3 comments / Add your comment below

  1. I was not sure if you had seen this. I thought you might be interested in it:

    Harvard Law School open access motion

    Text of the open access motion passed by the faculty of Harvard Law School:

    The Faculty of the Harvard Law School is committed to disseminating the fruits of its research and scholarship as widely as possible. In keeping with that commitment, the Faculty adopts the following policy: Each Faculty member grants to the President and Fellows of Harvard College permission to make available his or her scholarly articles and to exercise the copyright in those articles. More specifically, each Faculty member grants to the President and Fellows a nonexclusive, irrevocable, worldwide license to exercise any and all rights under copyright relating to each of his or her scholarly articles, in any medium, and to authorize others to do the same, provided that the articles are not sold for a profit. The policy will apply to all scholarly articles authored or co-authored while the person is a member of the Faculty except for any articles completed before the adoption of this policy and any articles for which the Faculty member entered into an incompatible licensing or assignment agreement before the adoption of this policy. The Dean or the Dean’s designate will waive application of the policy to a particular article upon written request by a Faculty member explaining the need.

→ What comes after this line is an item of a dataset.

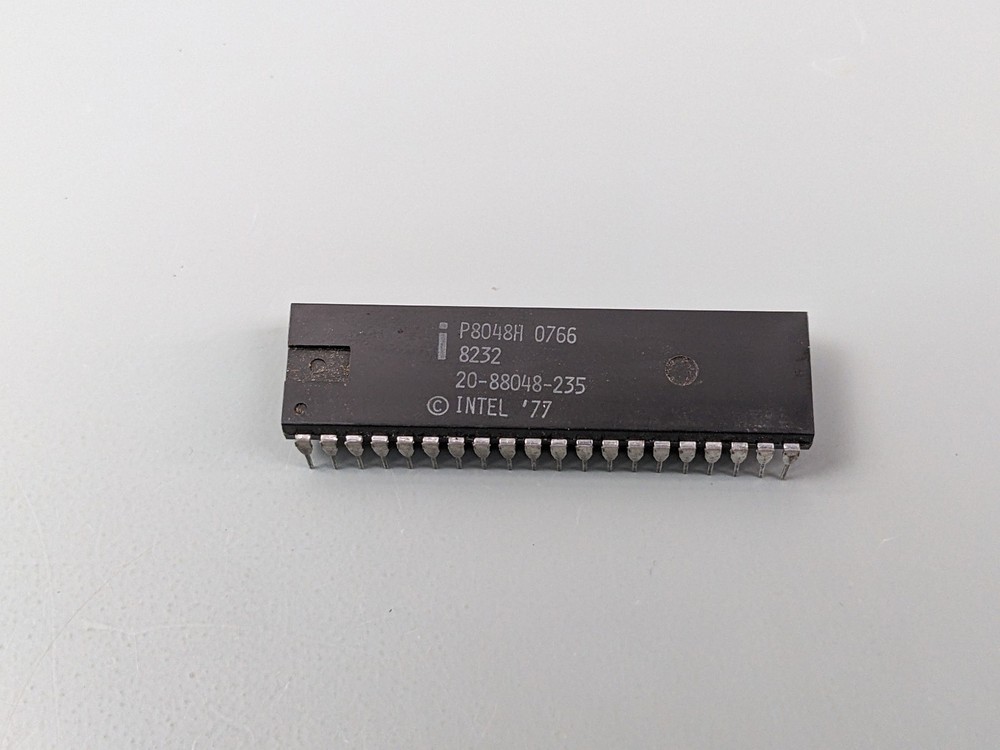 Intel P8048H 0766 Mask ROM MCS-48 (8048) Microcontroller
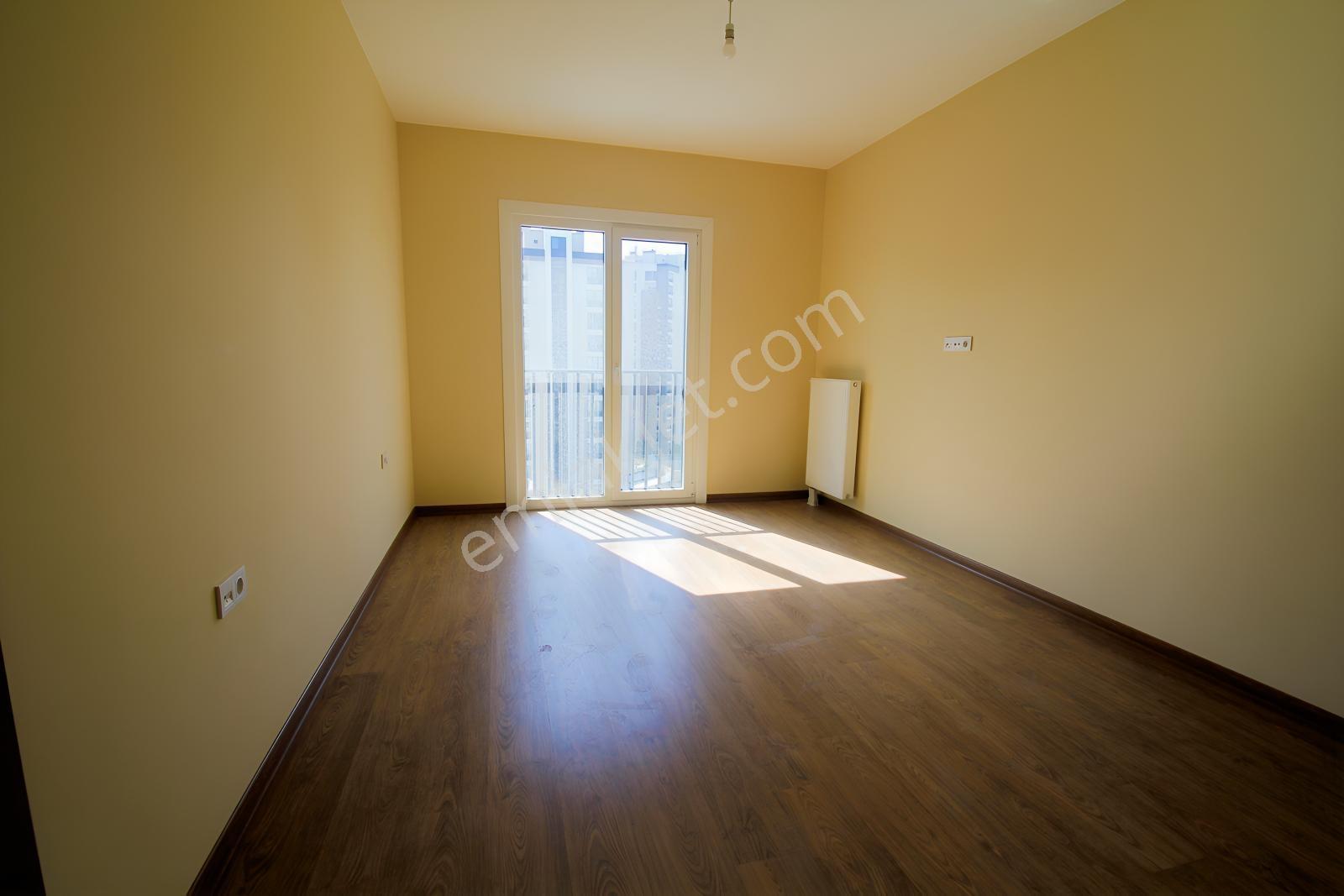 Çiğdem Emlak'tan Locamahalde Hiç Kullanılmamış Satılık 3+1 Daire — fotoğraf 22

    Each Faculty member will provide an electronic copy of the final version of the article at no charge to the appropriate representative of the Provost’s Office in an appropriate format (such as PDF) specified by the Provost’s Office no later than the date of its publication. The Provost’s Office may make the article available to the public in an open-access repository.

    The Office of the Dean will be responsible for interpreting this policy, resolving disputes concerning its interpretation and application, and recommending changes to the Faculty from time to time. The policy will be reviewed after three years and a report presented to the Faculty.

  2. Yes, I did, Denise — and it’s at least partly the work of John Palfrey of Harvard’s Berkman Center for Internet and Society, who has recently been appointed Vice Dean for Library and Information Resources of the Law School.
     
    The great thing — as I’ve been saying for nigh onto ten years now — will be for a theological institution to pick up the clue phone and recognize that benefits (to the world and to itself) of embracing the digital transition. The signs are all there, getting more plain every week (Yale’s free online courses, MIT’s Open Courseware, Harvard’s commitment to Open Access). “You know how to interpret the appearance of the sky, but you cannot interpret the signs of the times. . . [not you, Denise].”